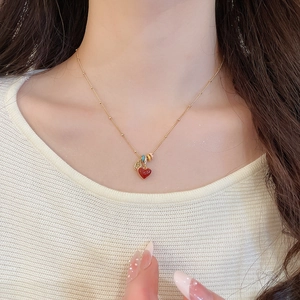 Close-up of 18k gold heart necklace with red pendant and colorful enamel rings on model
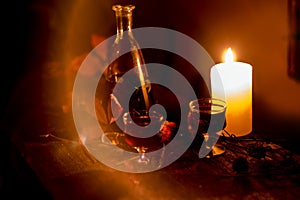 Cozy evening still life by . A glass of red wine, an old decanter, green leaves and dried flowers against a burning fire. Dark pho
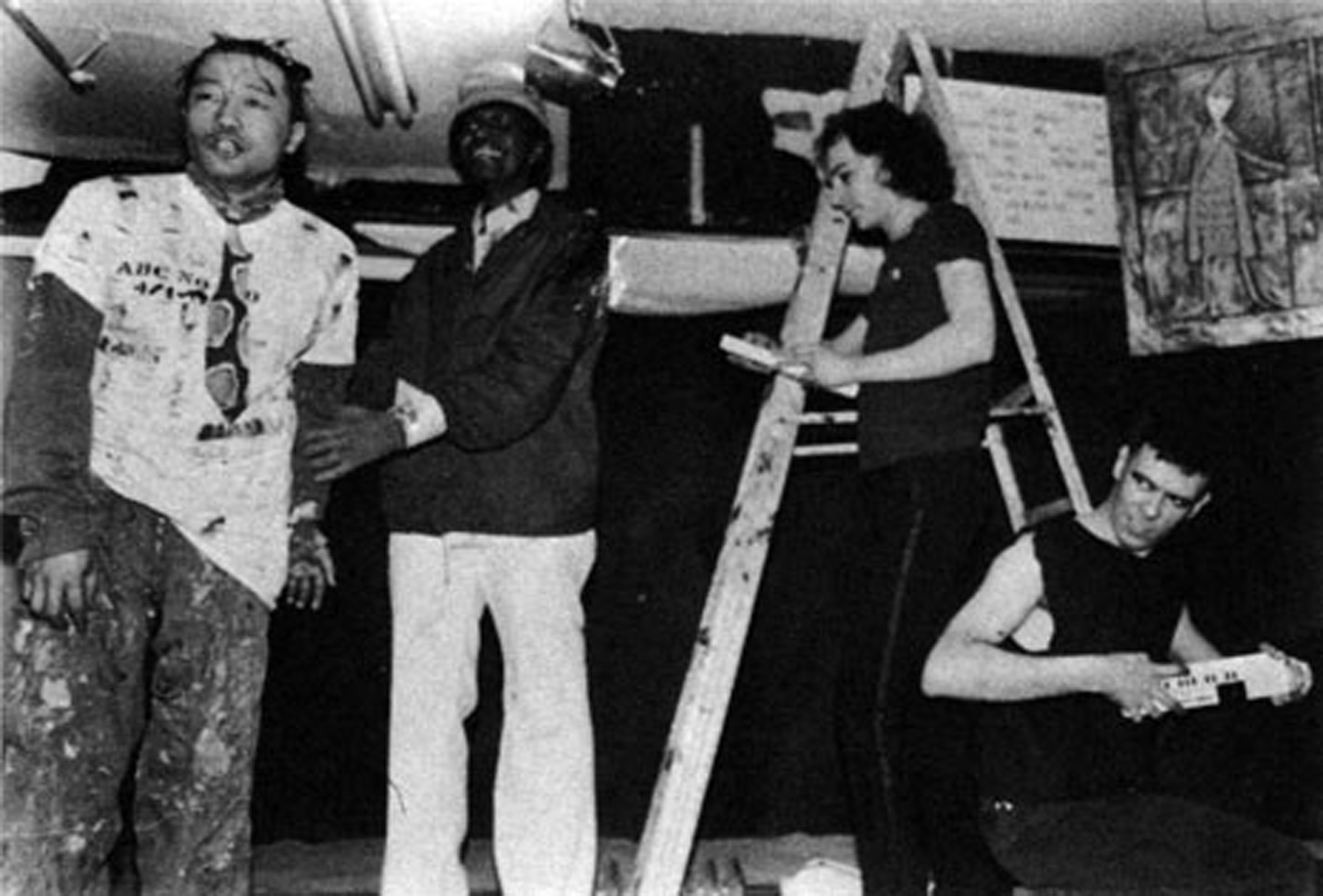 Samoa, a Japanese performer and musician, performs with Frederick Nunnely on stage at No Rio. In the photo above, neighborhood character Phillipo barges in on Samoa's act just as he sings the lyric, "Somebody is living in my brain." Photo by Hector Gonzalez
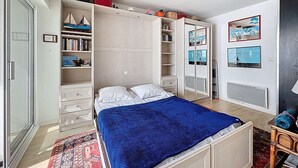 Une chambre à coucher avec un lit, une armoire et une petite table avec une lampe.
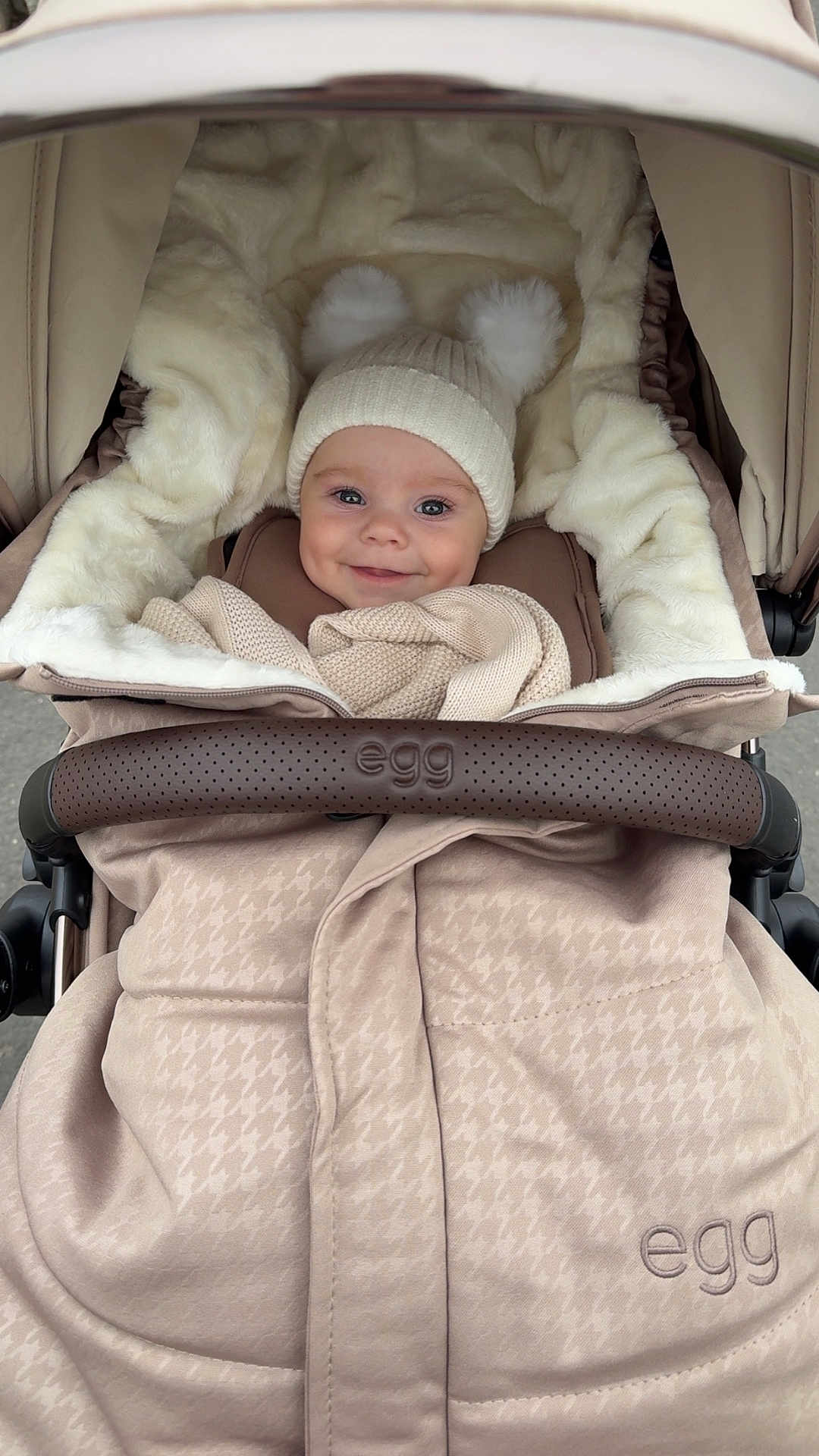 Theo is registered to the contest to win money with this photo: baby, stroller, hat, knit_hat, pom_poms, blanket, smiling, child, warm_clothing, cozy, infant, fur_lining, outdoor, person, face, cute, happy, wrapped, seat, soft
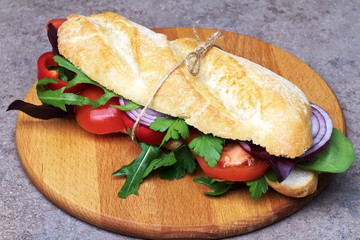 Sandwich with tomatoes, bell pepper,red onion and arugula.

• [Exercise]:
The reply should contain all of the data above, word for word, with no pictures.

• [Response area]:
 Close-up of 18k gold heart necklace with red pendant and colorful enamel rings on model
 Cozy evening still life by . A glass of red wine, an old decanter, green leaves and dried flowers against a burning fire. Dark pho
 Samoa, a Japanese performer and musician, performs with Frederick Nunnely on stage at No Rio. In the photo above, neighborhood character Phillipo barges in on Samoa's act just as he sings the lyric, "Somebody is living in my brain." Photo by Hector Gonzalez
 Une chambre à coucher avec un lit, une armoire et une petite table avec une lampe.
 Theo is registered to the contest to win money with this photo: baby, stroller, hat, knit_hat, pom_poms, blanket, smiling, child, warm_clothing, cozy, infant, fur_lining, outdoor, person, face, cute, happy, wrapped, seat, soft
 Sandwich with tomatoes, bell pepper,red onion and arugula.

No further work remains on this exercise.